RI Ekspansi & Deflasi, Masa Rupiah Tak Menguat Juga?
Jakarta, CNBC Indonesia - Tekanan besar dari eksternal membuat rupiah melemah 0,27% ke Rp 14.880/US$ Kamis kemarin. Padahal ada dua kabar baik dari dalam negeri.
S&P Global melaporkan purchasing managers' index (PMI) manufaktur naik menjadi 51,7 pada Agustus, dari bulan sebelumnya 51,3. Kenaikan tersebut menjadi kabar bagus, artinya roda perekonomian Indonesia berputar lebih kencang.
Selain itu, Badan Pusat Statistik (BPS) merilis data indeks harga konsumen (IHK) Indonesia periode Agustus 2022. Secara bulanan memang terjadi deflasi, tetapi secara tahunan inflasi tetap berada di level tinggi.
Pada Kamis (1/9/2022), Kepala BPS Margo Yuwono melaporkan terjadi deflasi 0,21% pada Agustus 2022 dibandingkan bulan sebelumnya (month-to-month/mtm). Kali terakhir terjadi deflasi adalah Februari 2022.
Namun dibandingkan Agustus 2021 (year-on-year/yoy), terjadi inflasi 4,69%. Meski masih relatif tinggi, tetapi melambat dibandingkan bulan sebelumnya yang 4,94%, yang merupakan level tertinggi dalam 7 tahun terakhir.
Dunia sedang mengalami masalah inflasi tinggi, termasuk Indonesia meski bisa dikatakan masih terkendali.
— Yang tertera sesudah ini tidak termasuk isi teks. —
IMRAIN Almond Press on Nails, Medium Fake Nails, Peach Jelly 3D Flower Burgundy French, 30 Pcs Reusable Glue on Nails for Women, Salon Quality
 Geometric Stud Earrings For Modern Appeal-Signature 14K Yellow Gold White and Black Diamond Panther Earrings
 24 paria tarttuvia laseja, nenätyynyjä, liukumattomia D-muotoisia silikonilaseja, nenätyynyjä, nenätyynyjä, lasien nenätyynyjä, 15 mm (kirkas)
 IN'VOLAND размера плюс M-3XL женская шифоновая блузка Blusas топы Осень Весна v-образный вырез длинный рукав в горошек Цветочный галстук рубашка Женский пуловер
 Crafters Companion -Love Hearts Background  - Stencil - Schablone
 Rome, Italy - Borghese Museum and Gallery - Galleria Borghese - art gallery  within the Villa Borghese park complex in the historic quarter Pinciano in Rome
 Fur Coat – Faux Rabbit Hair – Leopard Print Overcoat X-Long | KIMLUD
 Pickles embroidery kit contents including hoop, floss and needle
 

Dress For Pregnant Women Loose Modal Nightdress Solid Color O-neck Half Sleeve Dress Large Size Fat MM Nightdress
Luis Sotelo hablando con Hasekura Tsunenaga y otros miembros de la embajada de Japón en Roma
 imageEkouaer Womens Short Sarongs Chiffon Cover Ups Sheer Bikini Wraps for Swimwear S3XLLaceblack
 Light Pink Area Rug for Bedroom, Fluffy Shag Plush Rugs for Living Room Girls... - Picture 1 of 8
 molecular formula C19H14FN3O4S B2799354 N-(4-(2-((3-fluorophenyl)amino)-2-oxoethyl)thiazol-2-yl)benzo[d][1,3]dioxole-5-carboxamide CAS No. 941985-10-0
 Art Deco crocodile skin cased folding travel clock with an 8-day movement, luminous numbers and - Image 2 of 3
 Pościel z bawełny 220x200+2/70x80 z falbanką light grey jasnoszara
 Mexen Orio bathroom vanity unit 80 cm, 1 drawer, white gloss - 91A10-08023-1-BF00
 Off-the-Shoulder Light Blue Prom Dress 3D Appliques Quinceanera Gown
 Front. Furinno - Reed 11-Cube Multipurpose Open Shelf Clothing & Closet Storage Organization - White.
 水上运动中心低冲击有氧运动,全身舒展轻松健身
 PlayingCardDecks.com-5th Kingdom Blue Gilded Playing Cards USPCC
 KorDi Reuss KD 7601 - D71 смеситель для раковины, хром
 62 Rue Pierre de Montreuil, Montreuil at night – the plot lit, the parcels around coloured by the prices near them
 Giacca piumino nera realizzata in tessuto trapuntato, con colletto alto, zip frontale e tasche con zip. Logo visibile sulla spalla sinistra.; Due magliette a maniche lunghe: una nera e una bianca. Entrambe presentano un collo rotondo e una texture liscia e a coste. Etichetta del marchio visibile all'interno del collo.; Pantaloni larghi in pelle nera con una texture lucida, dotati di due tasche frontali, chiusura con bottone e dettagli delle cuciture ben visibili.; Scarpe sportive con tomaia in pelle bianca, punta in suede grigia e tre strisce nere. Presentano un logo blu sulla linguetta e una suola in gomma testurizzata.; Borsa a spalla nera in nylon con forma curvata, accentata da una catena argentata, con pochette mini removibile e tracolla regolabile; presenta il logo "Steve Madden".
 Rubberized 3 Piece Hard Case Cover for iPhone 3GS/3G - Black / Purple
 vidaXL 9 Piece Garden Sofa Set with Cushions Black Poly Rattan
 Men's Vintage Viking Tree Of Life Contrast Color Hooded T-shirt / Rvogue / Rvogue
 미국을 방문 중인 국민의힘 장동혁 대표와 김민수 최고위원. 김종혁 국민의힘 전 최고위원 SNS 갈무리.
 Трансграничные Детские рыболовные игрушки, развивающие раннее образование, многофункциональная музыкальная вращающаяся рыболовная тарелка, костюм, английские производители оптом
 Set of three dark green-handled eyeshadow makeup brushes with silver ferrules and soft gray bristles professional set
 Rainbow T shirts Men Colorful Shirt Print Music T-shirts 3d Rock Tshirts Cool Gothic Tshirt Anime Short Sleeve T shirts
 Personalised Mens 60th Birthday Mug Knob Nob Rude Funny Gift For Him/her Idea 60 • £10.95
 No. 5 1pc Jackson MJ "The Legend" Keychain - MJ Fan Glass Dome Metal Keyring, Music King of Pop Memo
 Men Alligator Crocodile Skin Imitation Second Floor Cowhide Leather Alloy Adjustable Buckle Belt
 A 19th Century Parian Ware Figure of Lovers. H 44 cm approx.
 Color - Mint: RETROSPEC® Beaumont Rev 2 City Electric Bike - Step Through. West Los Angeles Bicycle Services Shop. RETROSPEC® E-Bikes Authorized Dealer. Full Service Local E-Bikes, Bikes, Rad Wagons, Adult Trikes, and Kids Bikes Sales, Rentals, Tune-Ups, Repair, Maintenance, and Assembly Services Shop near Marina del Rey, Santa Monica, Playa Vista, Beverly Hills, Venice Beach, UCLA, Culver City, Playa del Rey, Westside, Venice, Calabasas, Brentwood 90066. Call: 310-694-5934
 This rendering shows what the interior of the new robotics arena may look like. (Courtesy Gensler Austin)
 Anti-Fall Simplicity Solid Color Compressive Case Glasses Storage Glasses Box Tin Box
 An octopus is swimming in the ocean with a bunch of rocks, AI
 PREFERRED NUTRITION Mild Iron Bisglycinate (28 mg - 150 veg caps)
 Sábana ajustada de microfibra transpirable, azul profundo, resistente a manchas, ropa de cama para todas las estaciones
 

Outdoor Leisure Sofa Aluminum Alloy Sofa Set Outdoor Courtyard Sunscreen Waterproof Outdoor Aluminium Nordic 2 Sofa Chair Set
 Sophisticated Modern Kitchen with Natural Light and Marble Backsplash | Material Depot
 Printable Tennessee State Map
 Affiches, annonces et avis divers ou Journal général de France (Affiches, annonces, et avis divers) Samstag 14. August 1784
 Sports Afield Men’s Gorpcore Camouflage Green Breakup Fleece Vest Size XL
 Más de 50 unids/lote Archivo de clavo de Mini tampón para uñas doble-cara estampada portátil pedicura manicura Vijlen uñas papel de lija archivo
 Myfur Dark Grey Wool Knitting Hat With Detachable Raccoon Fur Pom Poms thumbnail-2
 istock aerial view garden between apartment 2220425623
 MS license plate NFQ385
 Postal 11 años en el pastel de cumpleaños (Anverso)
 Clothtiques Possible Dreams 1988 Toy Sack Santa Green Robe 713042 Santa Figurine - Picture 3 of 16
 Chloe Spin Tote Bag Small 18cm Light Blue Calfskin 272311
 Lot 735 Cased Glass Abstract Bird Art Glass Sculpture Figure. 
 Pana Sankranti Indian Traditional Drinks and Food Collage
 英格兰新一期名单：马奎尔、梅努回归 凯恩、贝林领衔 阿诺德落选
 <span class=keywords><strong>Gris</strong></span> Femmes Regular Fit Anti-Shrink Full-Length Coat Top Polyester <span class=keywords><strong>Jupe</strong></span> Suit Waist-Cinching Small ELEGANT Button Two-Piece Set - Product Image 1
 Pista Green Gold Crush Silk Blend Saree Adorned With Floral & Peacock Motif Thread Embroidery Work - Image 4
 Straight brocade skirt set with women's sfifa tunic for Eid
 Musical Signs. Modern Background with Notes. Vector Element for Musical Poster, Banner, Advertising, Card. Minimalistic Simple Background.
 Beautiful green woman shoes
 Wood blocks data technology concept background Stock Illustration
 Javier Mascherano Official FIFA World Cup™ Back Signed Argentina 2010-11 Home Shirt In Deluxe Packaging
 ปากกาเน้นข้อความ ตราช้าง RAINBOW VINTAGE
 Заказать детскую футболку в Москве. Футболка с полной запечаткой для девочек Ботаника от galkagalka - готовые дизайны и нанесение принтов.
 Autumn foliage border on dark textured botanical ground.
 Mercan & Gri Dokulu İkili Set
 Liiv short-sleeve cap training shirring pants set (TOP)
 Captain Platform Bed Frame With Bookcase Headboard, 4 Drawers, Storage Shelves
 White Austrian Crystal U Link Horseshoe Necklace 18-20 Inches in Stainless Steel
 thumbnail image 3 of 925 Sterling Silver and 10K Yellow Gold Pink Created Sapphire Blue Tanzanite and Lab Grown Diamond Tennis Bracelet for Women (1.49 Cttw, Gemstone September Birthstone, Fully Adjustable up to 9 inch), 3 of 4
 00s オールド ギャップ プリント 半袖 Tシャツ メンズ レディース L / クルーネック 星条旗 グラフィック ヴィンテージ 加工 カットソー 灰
Sehingga, ketika terjadi deflasi atau melambatnya inflasi, maka akan memberikan sentimen positif ke pasar finansial.
Sayangnya, tekanan besar dari ekspektasi kenaikan suku bunga bank sentral AS (The Fed) yang tetap agresif hingga tahun depan membuat rupiah tertekan. Namun, tidak menutup kemungkinan rupiah mampu menguat pada perdagangan Jumat (2/9/2022), mengingat malam ini ada rilis data tenaga kerja AS.
Pelaku pasar yang menanti rilis data tersebut membuka peluang rupiah menguat.
Secara teknikal, rupiah yang disimbolkan USD/IDR berada di dekat resisten kuat Rp 14.885/US$ hingga Rp 14.890/US$ yang bisa menahan pelemahan rupiah. Resisten tersebut merupakan rerata pergerakan 50 hari (moving average 50/MA50).
Senin (29/8/2022) lalu, rupiah menyentuh resisten tersebut, sehari setelahnya langsung mampu menguat.
Sementara itu indikator Stochastic pada grafik harian kini hampir masuk ke wilayah jenuh beli (overbought).
Stochastic merupakan leading indicator, atau indikator yang mengawali pergerakan harga. Ketika Stochastic mencapai wilayah overbought (di atas 80) atau oversold (di bawah 20), maka harga suatu instrumen berpeluang berbalik arah.
Sementara itu stochastic pada grafik 1 jam yang digunakan untuk memproyeksikan pergerakan harian juga hampir memasuki wilayah overbought. Artinya, rupiah punya peluang menguat hari ini.
Support terdekat kini berada di kisaran Rp 14.860/US$, jika diembus rupiah berpeluang menguat ke Rp 14.830/US$.
Sementara Support kuat berada di kisaran Rp 14.730/US$, yang merupakan Fibonacci Retracement61,8%.
Fibonacci Retracement tersebut ditarik dari titik terendah 24 Januari 2020 di Rp 13.565/US$ dan tertinggi 23 Maret 2020 di Rp 16.620/US$.
Sebaliknya, jika MA 50 ditembus, rupiah berisiko melemah ke Rp 14.920/US$ hingga Rp 14.930/US$.